Он махнул рукой. В голосе его послышалось что-то искреннее.
Но вдруг, пристально взглянув в отуманившееся лицо Степана Марковича, Фомушка подвинул стул, фамильярно положил руку на плечо Вальцева, нарочно сделал идиотские глаза и, с коротким и таинственным смешком, спросил его вполголоса:
– А что, землячок… слыхали мы, будто Меричка очень влюбимшись в одного жестокого кавалера и через свою любовь погибнуть должна… Ась? Как вы полагаете? Вероятно ли подобное происшествие в наш прозаический и ясный девятнадцатый век? Мы слыхали, кой-что по скудоумию нашему смекаем, да на веру не принимаем.
– Перестаньте ломаться, Фомушка, – сухо, со строгостью проговорил Вальцев и встал. – Прощайте, мне надо идти.
– Ого-го! Вот вы уж опять «shoking»[1 - потрясены, шокированы (англ.).] как эти англичане проклятые. Нежны больно, батюшка. На то я и Фомушка-дурачок, чтобы мне все позволено было сказать. А вы не шокируйтесь. Вот такие апосталы, как вы, всякую правду должны, не сморгнув, выслушивать. А вы уж сейчас эдак гримаску, и с гордостью – отметаю, мол, отметаю! Вы еще Фомушкину деликатность должны ценить, потому мало ли он что знает, а никаких ни намеков, ни вопросов, ни-ни!
– Прощайте, холодно, я иду домой, – опять повторил Вальцев.
Он надвинул шляпу, взглянул вверх, направо, где среди посиневшего неба уже чуть-чуть засеребрился юный, розоватый месяц, и пошел было прочь.
– Послушайте, послушайте, – закричал ему вслед Фомушка. – Вы что ж, зайдете к нам-то?
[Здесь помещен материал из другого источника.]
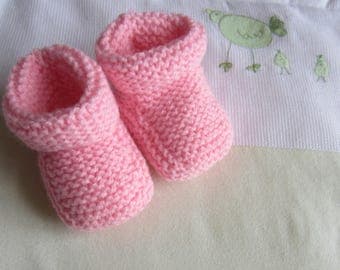 Slippers 1 month 'rose' Moss stitch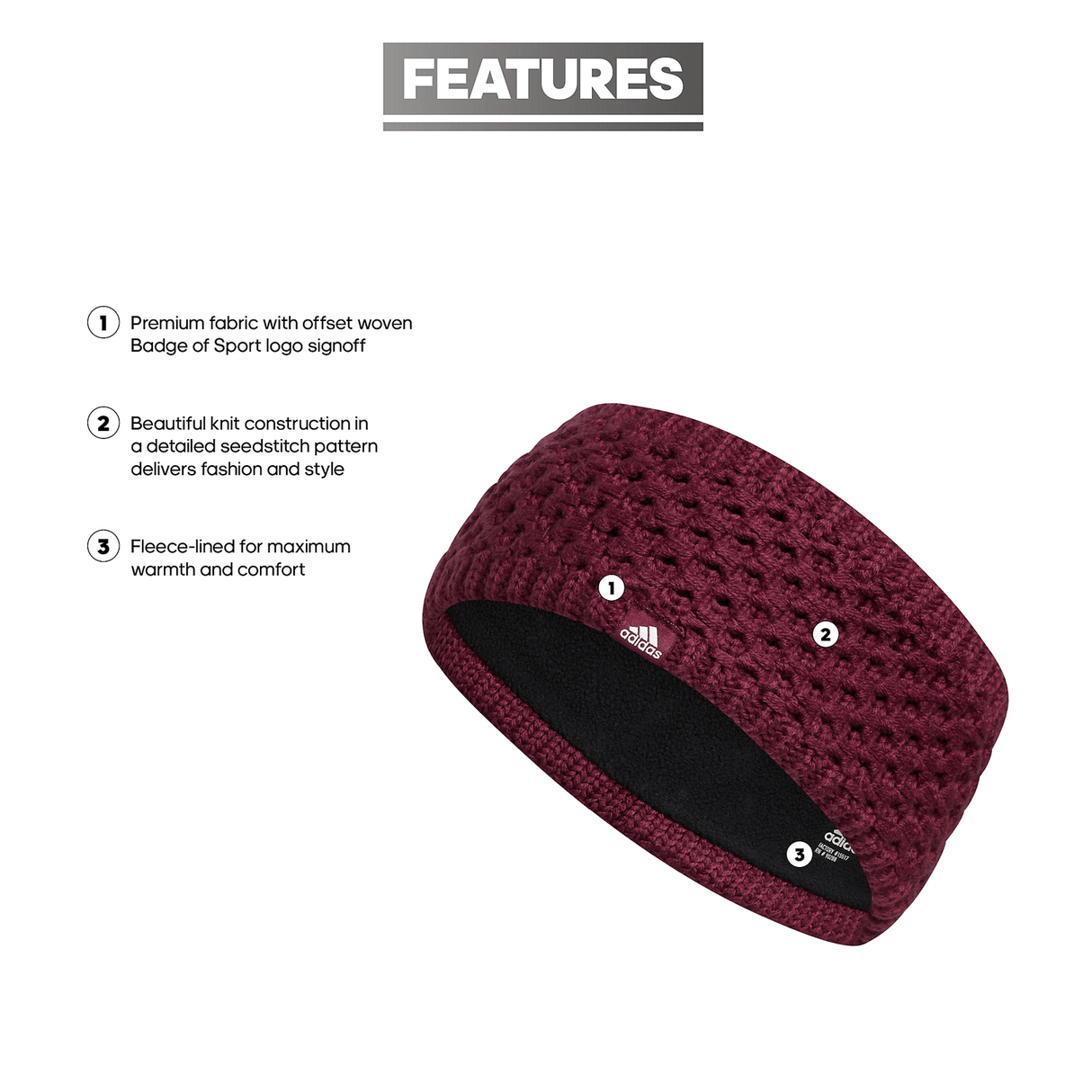 adidas Women's Crestline Headband Unisex Accessories Hats & Caps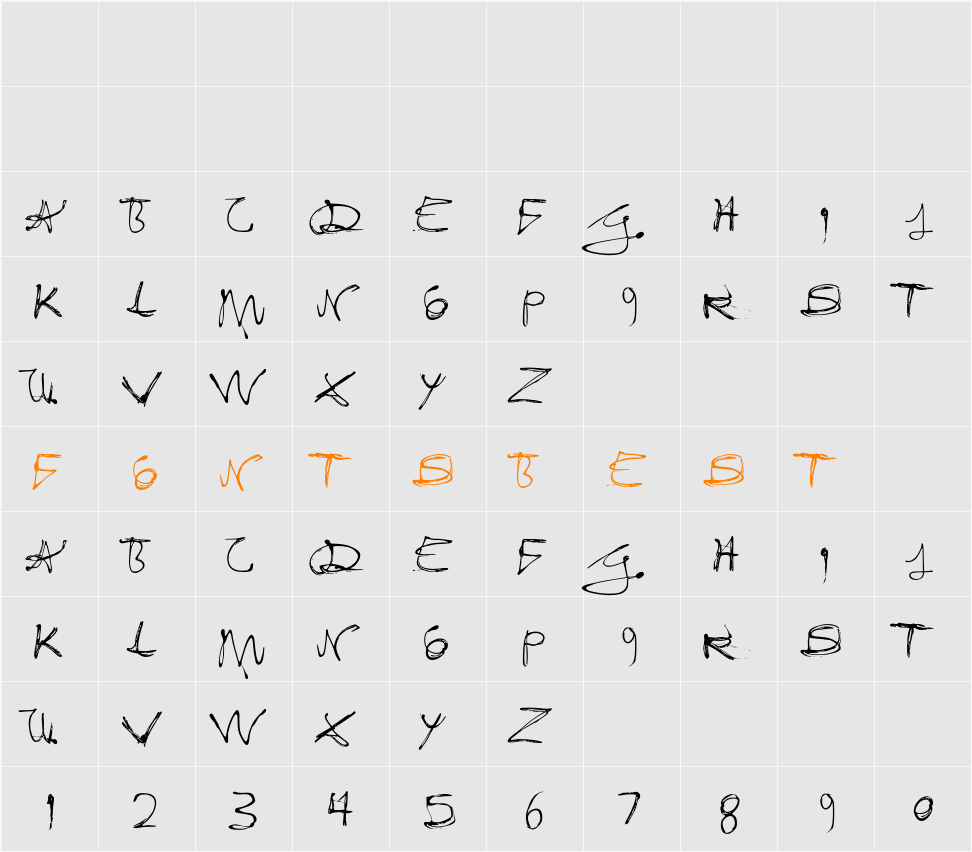 Fixogum Character Map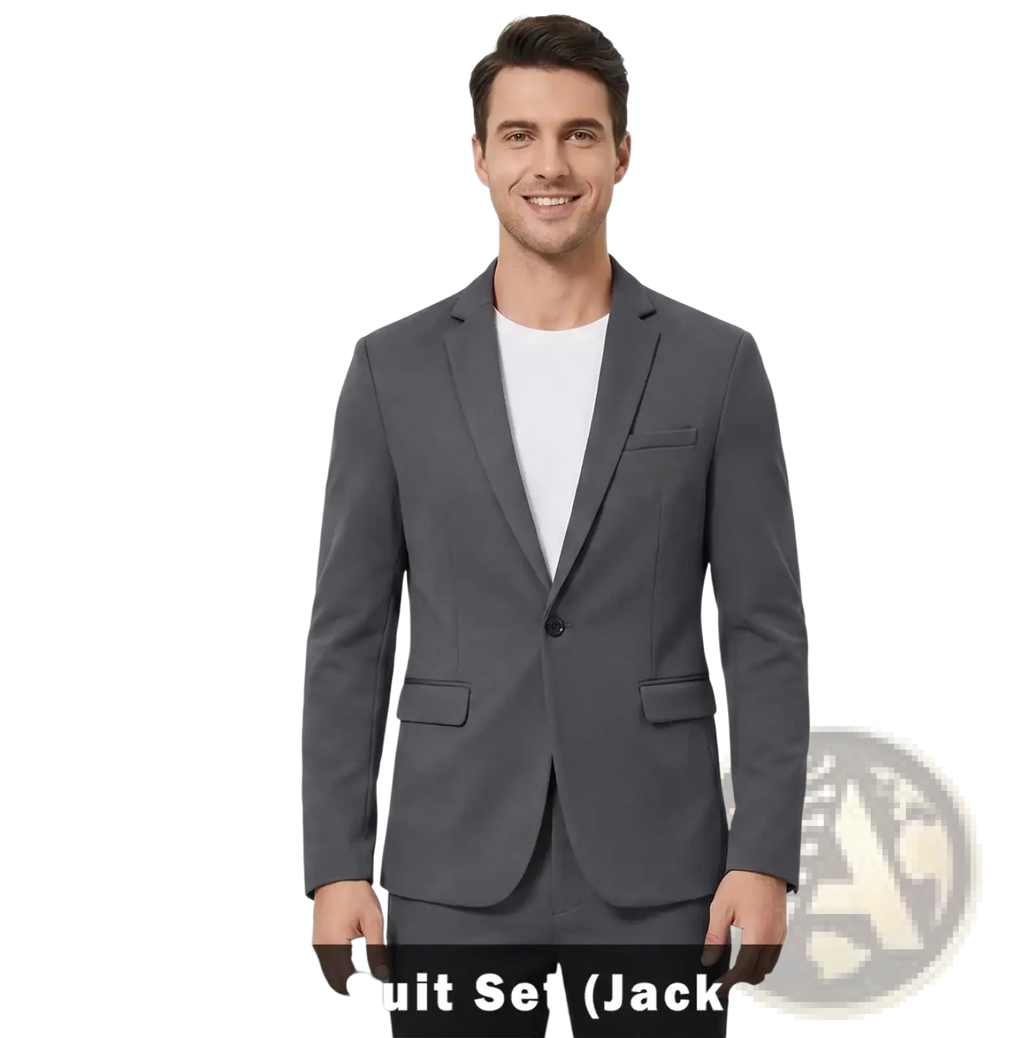 A sleek dark gray men two-piece suit jacket with single button closure and structured shoulders
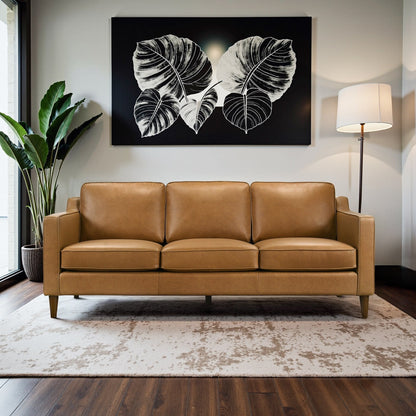 Canapés Madeline Mid-Century Modern Furniture en cuir véritable couleur cognac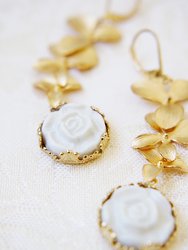 Porcelain Moonlight Rose And Triple Leaves Drop Earrings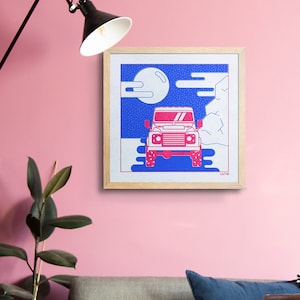 Print - Land Rover Defender Tribute - designed by the seller - Limited edition - Premium Matte Paper Wooden Framed Poster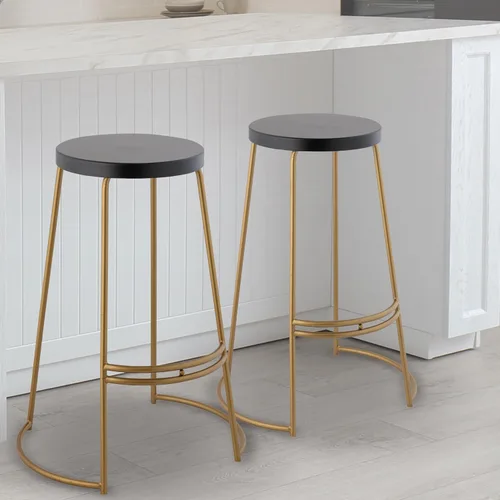 Vista 2 de JONATHAN Y Hula Taburete de bar de hierro curvado sin espalda de 28.75 pulgadas, negro/dorado Art Deco Style, Round Seat, Integrated Footrest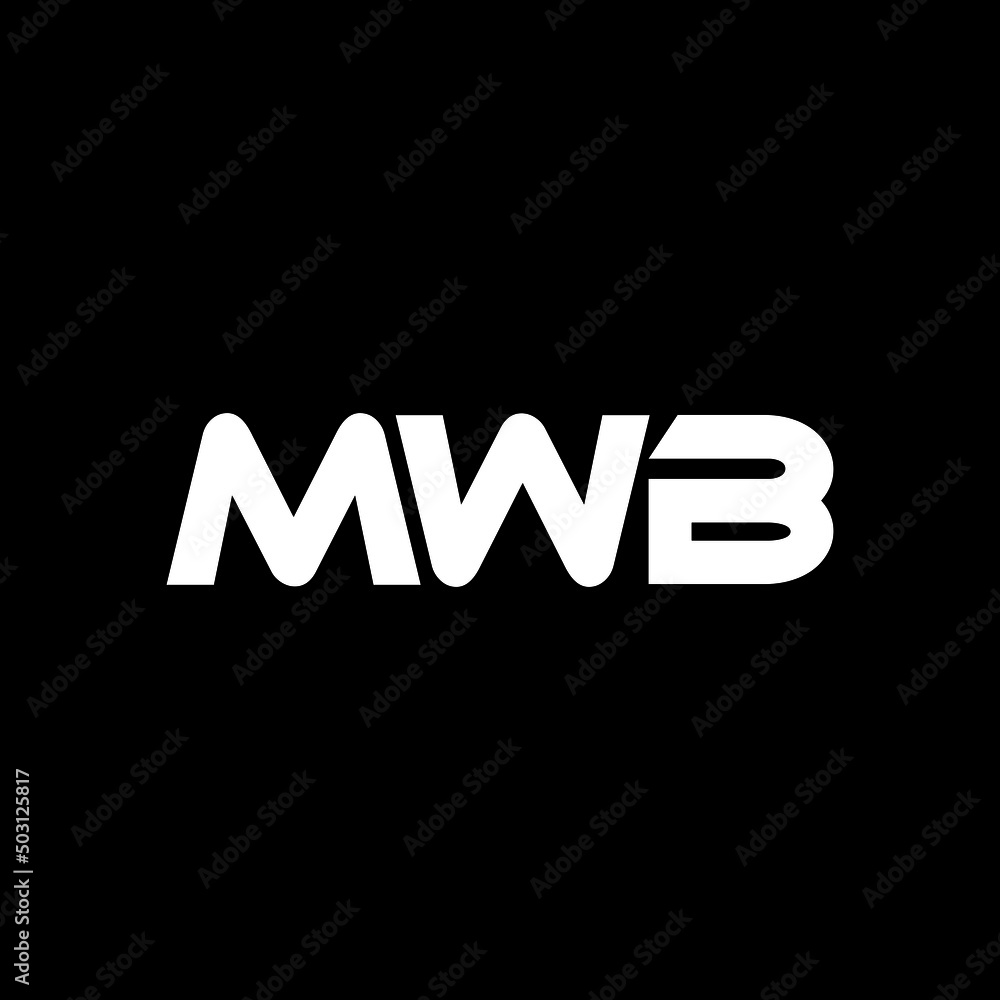 MWB letter logo design with black background in illustrator, vector logo modern alphabet font overlap style. calligraphy designs for logo, Poster, Invitation, etc.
Мы в «Luna», вот сейчас, здесь направо.
– В «Luna»? – переспросил Вальцев.
– Ну, да. Зайдите же. Поликсена мне не простит. Послушайте! Да вы знали, что ли, что мы здесь? Э, черт вас разберет… Для чего вы, собственно, в Венецию-то приехали?
Вальцев приостановился, взглянул на Фомушку, усмехнулся и промолвил:
– Сказать вам правду, для чего приехал? Только вы не поймете, а я объяснять не буду.
– Да говорите же, ну вас!
– Я приехал для луны. А теперь, право, прощайте. Я тороплюсь.
Он решительно двинулся, но Фомушка схватил его за пальто.
– Послушайте, да вы смеетесь надо мной? Для какой луны? Как это понять? Что это, аллегория? Эмблема? Мы в «Луна», и вы для луны?
У Вальцева болезненно сжались брови и все лицо приняло страдальческое выражение.